The English-speaking world has few equivalents to Charlie Hebdo's provocative, strongly anti-clerical humor, though "South Park" creators Trey Parker and Matt Stone perhaps come close for their juvenile relish and willingness to tackle often-avoided topics, from religion to the sexual orientation of Hollywood stars.

Britain is proud of its long tradition of mocking its politicians and royalty, which stretches from the 18th-century caricatures of William Hogarth to weekly magazine Private Eye and satirical puppet series "Spitting Image."

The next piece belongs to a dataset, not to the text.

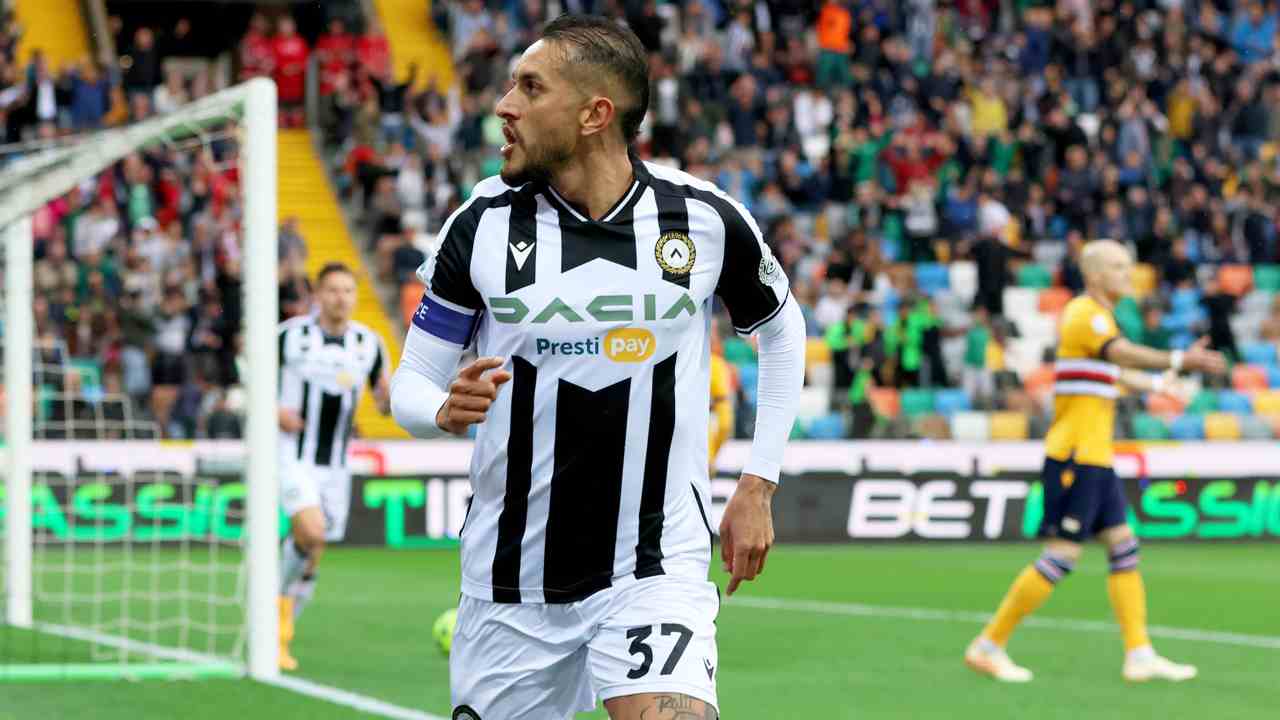 Roberto Pereyra festeggia un goal - Foto ANSA - Cronacalive.it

But even in an irreverent country where public figures have learned to take their lumps from comedians, filmmaker Chris Morris stands out for taking on topics others fear to touch - and for provoking unusually strong reactions.

A TV channel was forced to apologize in 2001 for airing his mock-news program "Brass Eye after it satirized sensationalist media treatment child sex abuse in a way some viewers felt trivialized the crime. His recent show "Black Mirror" featured a story line about a British prime minister having sex with a pig on live TV.

Morris tackled terrorism in his 2010 film "Four Lions," which centred on four fictional home-grown jihadis with many similarities to the suicide bombers who killed 52 commuters on London's transit in 2005. The hapless terrorists' attempts to cause carnage were both bumbling and lethal, and the film mixed satire, farce and tragedy. The film initially struggled to get funding, and some commentators said it was too raw a subject for humor, but it was widely praised by critics on its release.